Summer 2008 is chock full of Catholic anniversaries, from the 40th birthday of Humanae Vitae to the 30th observance of the death of Pope Paul VI. One such milestone, however, does not appear on any official church calendars: it’s now been 25 years since the June 1983 disappearance of Emanuela Orlandi, a 15-year-old girl and Vatican citizen whose fate has become one of the most enduring Vatican mysteries of the 20th century.

The case is back in the headlines this week, with the discovery of a gray BMW which may – or, as is seemingly always the case with the Orlandi story, equally well may not have been – the car used to abduct the girl and to transport her after she vanished on June 22, 1983.
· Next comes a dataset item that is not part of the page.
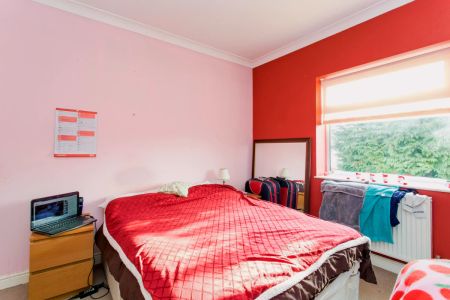 Spacious double bedroom, in Barkingside - Photo 4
Orlandi was the daughter of a layman who worked in the Vatican gift shops, so she and her family were citizens of the Vatican City-State. Shortly after she vanished, callers purporting to be her abductors demanded that the Vatican release Mehmet Ali Agca, the Turkish gunman who shot Pope John Paul II on May 13, 1981. John Paul made a public appeal for her safe return, and the Vatican’s Secretary of State at the time, Cardinal Agostino Casaroli, even installed a special phone line to speak directly with the alleged kidnappers.

In the end, however, no convincing proof was ever offered that the callers actually had Orlandi, and the girl never resurfaced.

In the years since, the Orlandi case has been linked with virtually every unsolved mystery in modern Italian life, from spectacular banking scandals in the 1980s, in which the Vatican was an important player, to occult dealings of the mob. Orlandi herself has become the Jimmy Hoffa of the popular imagination, with purported sightings, or rumors of her whereabouts, vying with speculation about where her dead body might be found. In May 2004, for example, Italy was briefly riveted when a free-lancer photographer claimed to have spotted a grown-up Orlandi living quietly in an apartment overlooking the Vatican, but the lead eventually fizzled.

This June, the story took yet another turn when Italian authorities reopened their investigation after a new purported witness came forward: Sabrina Minardi, the ex-wife of an Italian soccer star, who later went on to become the girlfriend of a notorious mafioso named Enrico De Pedis.

According to accounts in the Italian press, Minardi told investigators that De Pedis, who was gunned down in Rome in 1990, had kidnapped Orlandi on the orders of Archbishop Paul Marcinkus, an American who at the time was the head of the Vatican Bank. Marcinkus later stepped down after the financial scandals of the mid-1980s erupted. He retired to Arizona, where he died in 2006.

Minardi offered vague, but salacious, suggestions that De Pedis had been involved in procuring girls for Marcinkus, delivering them, according to her account, to his Vatican apartment. (Her story was termed “obscure and unhinged” by one Italian daily, which did not stop the paper from publishing a detailed account of it.) Minardi also recounted once being asked by De Pedis to drive a crying, hysterical girl named “Emanuela,” sometime after Orlandi’s disappearance, to a gas station located on Vatican grounds, using a gray BMW – the same kind of car Orlandi was seen entering on the afternoon she disappeared after a music lesson. Minardi said they were met by a monsignor driving a Mercedes with a Vatican license plate. Minardi claimed that Orlandi was later killed, and that De Pedis placed her body into a sack which he tossed behind a cement mixer in the Roman beach area of Torvajanica.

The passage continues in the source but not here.